### [Material provided]
####################

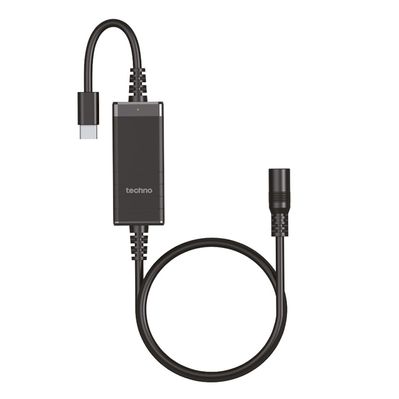 Кабель живлення USB-C to DC 100W universal black techno (UC-100W)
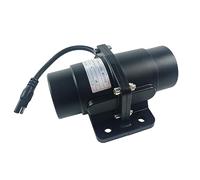 Putec Vibration Motor 100LBS Brush Vibrator for Salt Sand and Concrete Mixer DC 12V 4500RPM Vibrating Force 100lbs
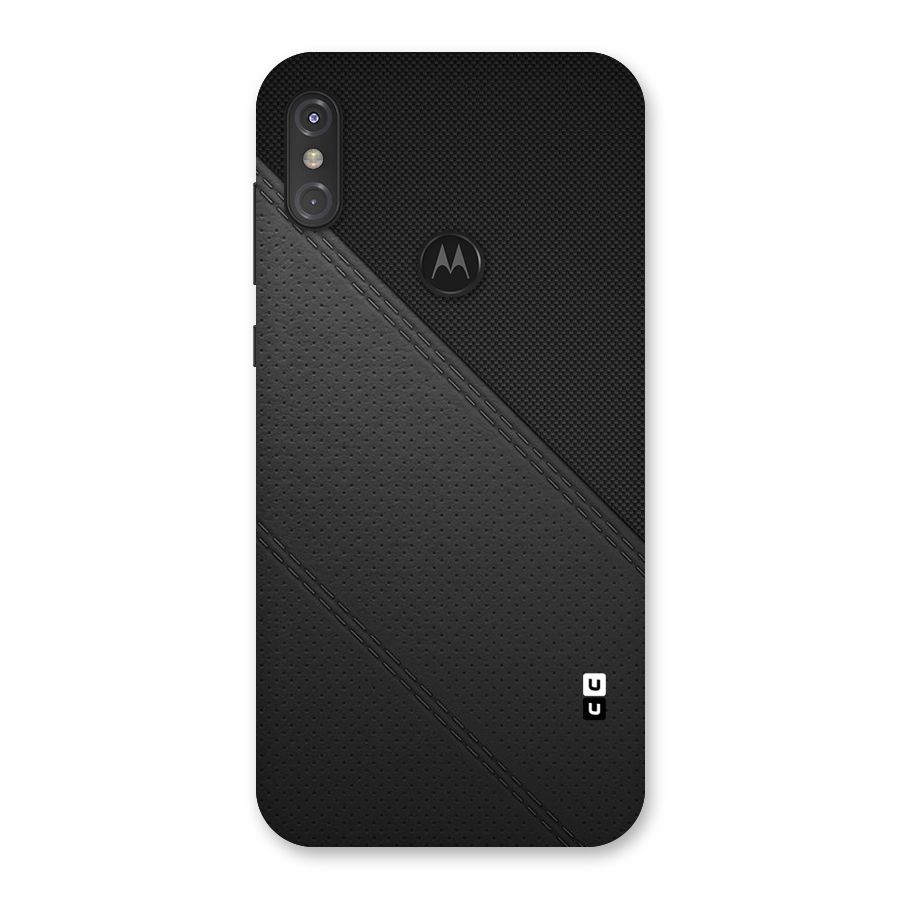 Black Polka Stripe Back Case for Motorola One Power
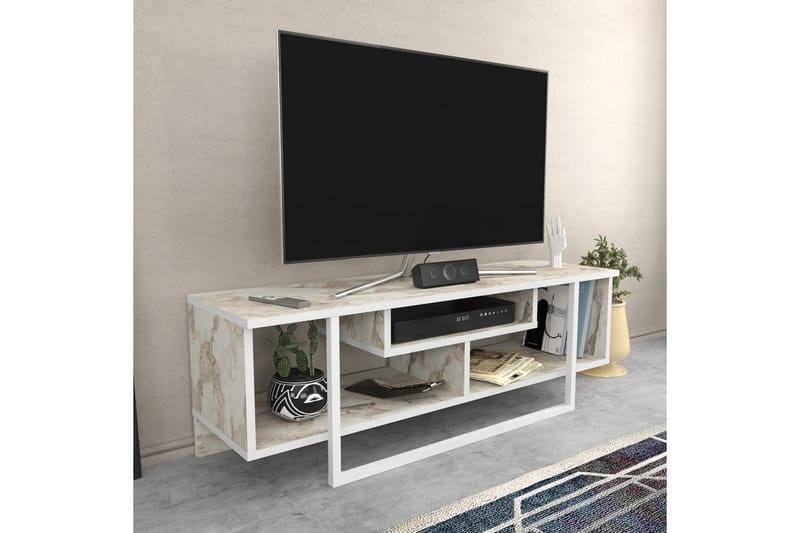 Andifli Tv-benk 120x40,2 cm - Hvit - TV-benk & mediabenk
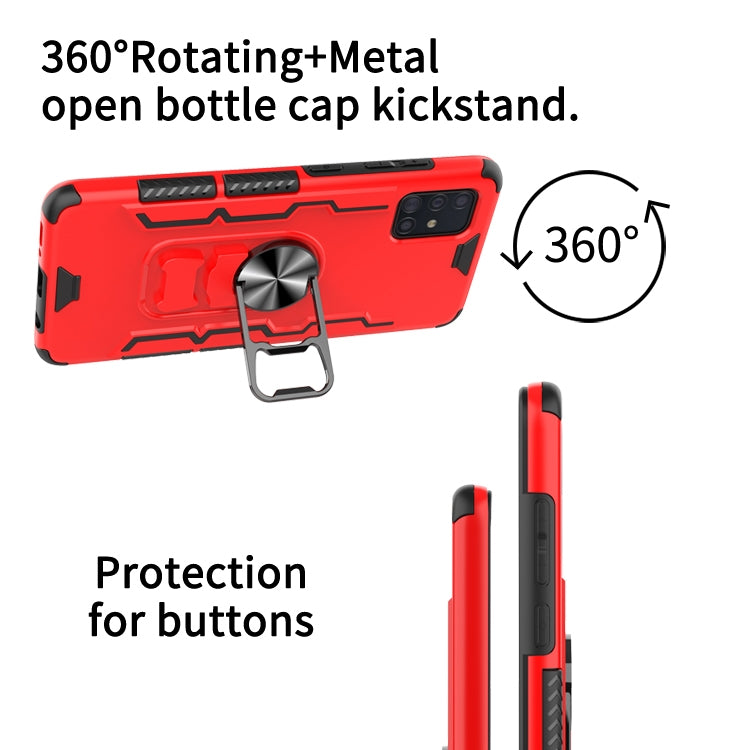 For Galaxy A51 Shockproof PC + TPU Protective Case with Beer Opener & Car Holder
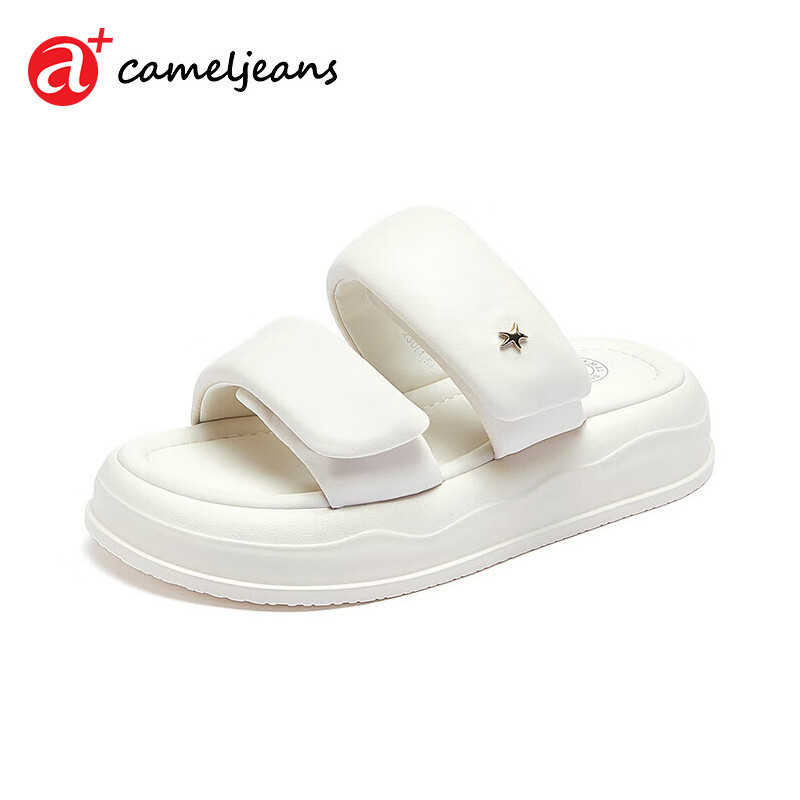 Cameljeans รองเท้าแตะสตรี รองเท้าแตะใส่ในบ้านแบบลำลอง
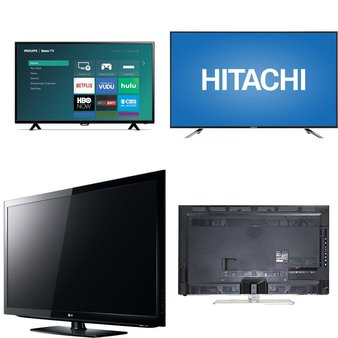 Clearance! 12 Pcs – LED/LCD TVs (40″ – 43″) – Refurbished (GRADE A – No Stand) – Philips, VIZIO, HITACHI, UPSTAR USA GROUP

####################

### [What to work on]
Give the listing again word for word. Skip every image.

### [Answer area]
 Кабель живлення USB-C to DC 100W universal black techno (UC-100W)
 Putec Vibration Motor 100LBS Brush Vibrator for Salt Sand and Concrete Mixer DC 12V 4500RPM Vibrating Force 100lbs
 Black Polka Stripe Back Case for Motorola One Power
 Andifli Tv-benk 120x40,2 cm - Hvit - TV-benk & mediabenk
 For Galaxy A51 Shockproof PC + TPU Protective Case with Beer Opener & Car Holder
 Cameljeans รองเท้าแตะสตรี รองเท้าแตะใส่ในบ้านแบบลำลอง
 Clearance! 12 Pcs – LED/LCD TVs (40″ – 43″) – Refurbished (GRADE A – No Stand) – Philips, VIZIO, HITACHI, UPSTAR USA GROUP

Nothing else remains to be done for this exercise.